**Your goal:**
The answer must be an exact copy of every entry, with no pictures in it.

Stored data entries:
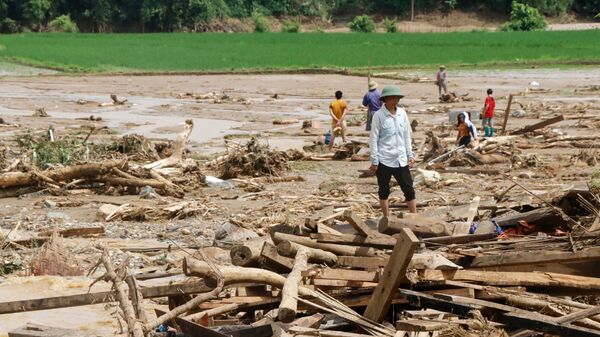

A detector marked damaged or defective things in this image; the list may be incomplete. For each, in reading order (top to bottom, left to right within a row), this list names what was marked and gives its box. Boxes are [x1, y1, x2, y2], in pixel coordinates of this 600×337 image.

broken wooden plank [508, 114, 564, 135]
broken wooden plank [364, 227, 420, 322]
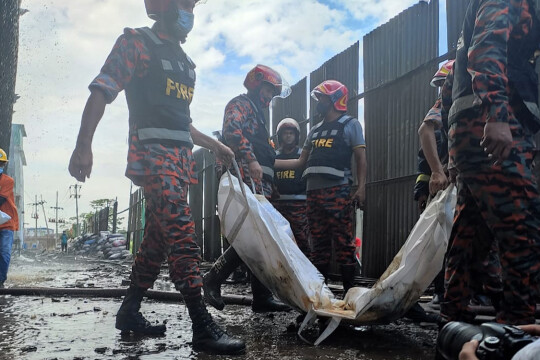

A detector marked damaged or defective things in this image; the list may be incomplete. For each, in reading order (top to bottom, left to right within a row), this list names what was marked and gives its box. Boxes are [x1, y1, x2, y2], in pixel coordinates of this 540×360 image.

rusty metal panel [446, 0, 470, 52]
rusty metal panel [270, 78, 308, 146]
rusty metal panel [308, 40, 358, 124]
rusty metal panel [362, 0, 438, 278]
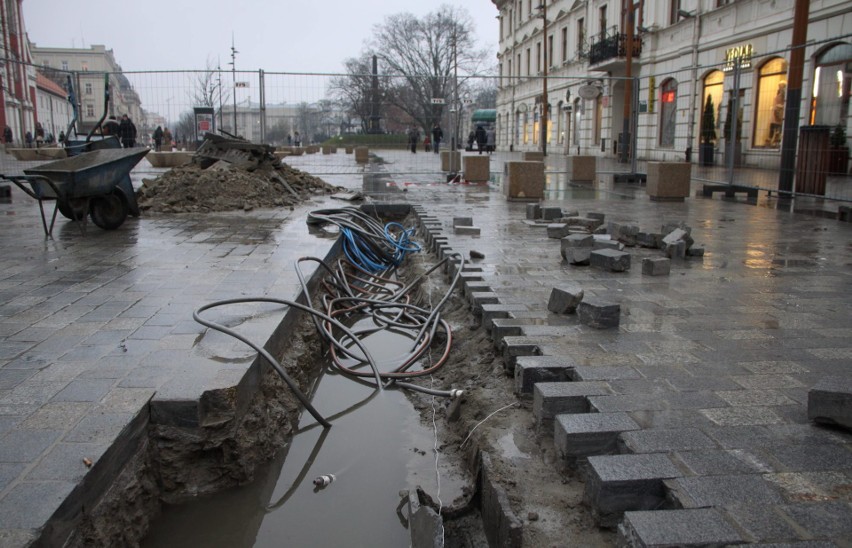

**Completed task:**
A detector marked damaged or defective things in this image; the list may be incomplete. For each, in reading order (top to bottom, left to right within a row), this list names what was marked and gives its box. Boxes are [x1, y1, x2, y2], in pixel coordinates of this 600×337 image.

broken wooden plank [508, 114, 564, 135]
broken wooden plank [364, 227, 420, 322]

A detector marked damaged or defective things in this image; the list may be incomplete. For each, in reading order (top to bottom, left to right within a row), this list names what was marked and gives its box. Boxes are [x1, y1, x2, y2], in pixel coordinates of this 540×360 image.

rusty metal panel [446, 0, 470, 52]
rusty metal panel [270, 78, 308, 146]
rusty metal panel [308, 40, 358, 124]
rusty metal panel [362, 0, 438, 278]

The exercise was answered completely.